Sometimes I’m reminded of my ex, and even though I’m now glad it’s over, I remember how much it hurt. I remember how he treated me and how I felt. The best thing he can do for me now is keep well away. I don’t ever want to hear from him again.

It’s not fair of you to contact him to ease your own guilt. Whether he knows it or not, you cheated. There are no excuses for it, but it happened and now you can’t change it. So move on. You did the best thing for him by ending it, so take comfort in that. Sounds like you’re both a lot better off without each other. There is no better outcome. You can’t change things or make them any easier. So move on.

Post # 20
Member
2854 posts
Sugar bee
  • Wedding: April 2016

silkybutterbee:  OMG you just described my life… I was in a relationshop for 9 YEARS with my ex… we had met in high school and basically grew up together. He totally changed after we bought our house and became a complete jerk who basically didn’t care about me anymore. I gave him many chances but eventually had to end it. At this same time, as I was arranging to move out, I met my current fiance. This was a year and a half ago. My fiance and I moved in together 6 months after I broke up with my ex.

My ex took the break up SO badly… he was so scared and hurt and mad and couldnt accept that it was time for us to move on. I thought it would be easier for me over time to forget about him and the 9 year friendship we had. I call it a freindship becuase he had always been more of a best friend than someone I felt romantically about. 

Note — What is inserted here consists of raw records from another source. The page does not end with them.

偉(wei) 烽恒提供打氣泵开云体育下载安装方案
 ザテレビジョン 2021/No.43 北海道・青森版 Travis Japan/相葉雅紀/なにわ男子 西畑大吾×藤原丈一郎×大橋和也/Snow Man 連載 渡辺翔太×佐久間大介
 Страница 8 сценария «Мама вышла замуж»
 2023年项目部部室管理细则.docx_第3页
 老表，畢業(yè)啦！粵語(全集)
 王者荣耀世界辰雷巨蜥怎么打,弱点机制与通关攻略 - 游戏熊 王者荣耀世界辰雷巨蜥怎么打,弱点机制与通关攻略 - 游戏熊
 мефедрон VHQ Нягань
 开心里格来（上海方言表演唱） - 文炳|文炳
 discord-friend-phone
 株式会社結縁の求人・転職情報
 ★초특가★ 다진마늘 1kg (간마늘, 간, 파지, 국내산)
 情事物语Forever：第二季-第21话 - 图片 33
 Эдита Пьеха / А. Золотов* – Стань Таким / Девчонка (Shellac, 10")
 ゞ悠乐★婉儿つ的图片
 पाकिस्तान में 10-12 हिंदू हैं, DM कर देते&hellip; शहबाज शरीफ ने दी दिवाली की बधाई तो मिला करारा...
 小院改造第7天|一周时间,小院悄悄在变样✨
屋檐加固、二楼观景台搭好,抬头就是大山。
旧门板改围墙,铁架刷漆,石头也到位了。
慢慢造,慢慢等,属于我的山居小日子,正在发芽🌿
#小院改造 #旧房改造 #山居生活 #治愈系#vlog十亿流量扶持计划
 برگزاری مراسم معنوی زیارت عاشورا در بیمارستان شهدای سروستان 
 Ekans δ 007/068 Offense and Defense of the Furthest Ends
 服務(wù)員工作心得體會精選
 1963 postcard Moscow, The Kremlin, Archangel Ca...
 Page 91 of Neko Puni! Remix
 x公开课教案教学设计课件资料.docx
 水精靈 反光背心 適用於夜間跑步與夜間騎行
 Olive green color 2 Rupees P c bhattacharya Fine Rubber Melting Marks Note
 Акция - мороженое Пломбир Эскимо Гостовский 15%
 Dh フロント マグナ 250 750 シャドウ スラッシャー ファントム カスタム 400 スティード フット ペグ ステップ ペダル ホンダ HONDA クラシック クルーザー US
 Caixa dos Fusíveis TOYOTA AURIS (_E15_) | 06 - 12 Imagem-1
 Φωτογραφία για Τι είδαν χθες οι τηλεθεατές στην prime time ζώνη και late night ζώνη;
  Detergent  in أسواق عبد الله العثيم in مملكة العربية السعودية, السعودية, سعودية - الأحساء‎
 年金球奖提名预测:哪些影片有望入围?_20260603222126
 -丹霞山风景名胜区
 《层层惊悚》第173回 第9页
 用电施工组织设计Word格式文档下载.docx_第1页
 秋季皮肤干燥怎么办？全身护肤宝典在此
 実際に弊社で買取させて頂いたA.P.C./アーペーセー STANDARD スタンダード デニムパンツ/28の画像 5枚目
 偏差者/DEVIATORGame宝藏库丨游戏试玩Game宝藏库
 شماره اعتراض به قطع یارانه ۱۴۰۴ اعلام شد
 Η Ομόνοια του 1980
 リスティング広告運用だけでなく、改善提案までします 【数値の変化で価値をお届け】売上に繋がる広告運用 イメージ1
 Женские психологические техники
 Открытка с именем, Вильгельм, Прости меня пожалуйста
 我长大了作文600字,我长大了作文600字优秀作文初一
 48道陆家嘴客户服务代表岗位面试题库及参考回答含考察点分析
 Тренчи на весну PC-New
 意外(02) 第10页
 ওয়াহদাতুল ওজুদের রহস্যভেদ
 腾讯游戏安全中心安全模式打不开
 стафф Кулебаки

Recently I’ve heard that his life has gone in a downward spiral. He lost his license, his JOB, and was hooked on pills. His phone was shut off and he does not use social media (not even a FB page). Oh and also, I got a call from a collection agency last week asking for him or if I knew how to contact him, so clearly he’s behind in payments for something. I am still in touch with his sister because I send gifts to her kids on their bdays and such. She said no one has heard from him or talked to him in months. We are so worried about him but I feel like I can’t let myself get involved… I still miss the freindship we had and the person he was before he became a scumbag. I wish his life was as happy as mine is now, but I have to keep telling myself there’s nothing I can do, I can’t be the one to save him anymore.

  • This reply was modified 4 years, 6 months ago by  ktsteimel.
Post # 21
Member
865 posts
Busy bee
  • Wedding: June 2015

I think it’s normal to think about your ex, especially if things are getting more serious with your current boyfriend. I know I thought a lot more about past relationships after my engagement than I had before; not because I missed them and wanted back in, but I became more reflective. I think you start to realize you’re in this for good, and it’s natural to think back on other relationships at that point. I am never going to experience another relationship, any chance of revisiting a past boyfriend is gone, and you have to be really sure that your current relationship is the one you want! That being said, I don’t think you need to contact your ex. Give yourself some safe space to think through this on your own and make your own peace with what happened, but no need to involve him; that could lead to new drama.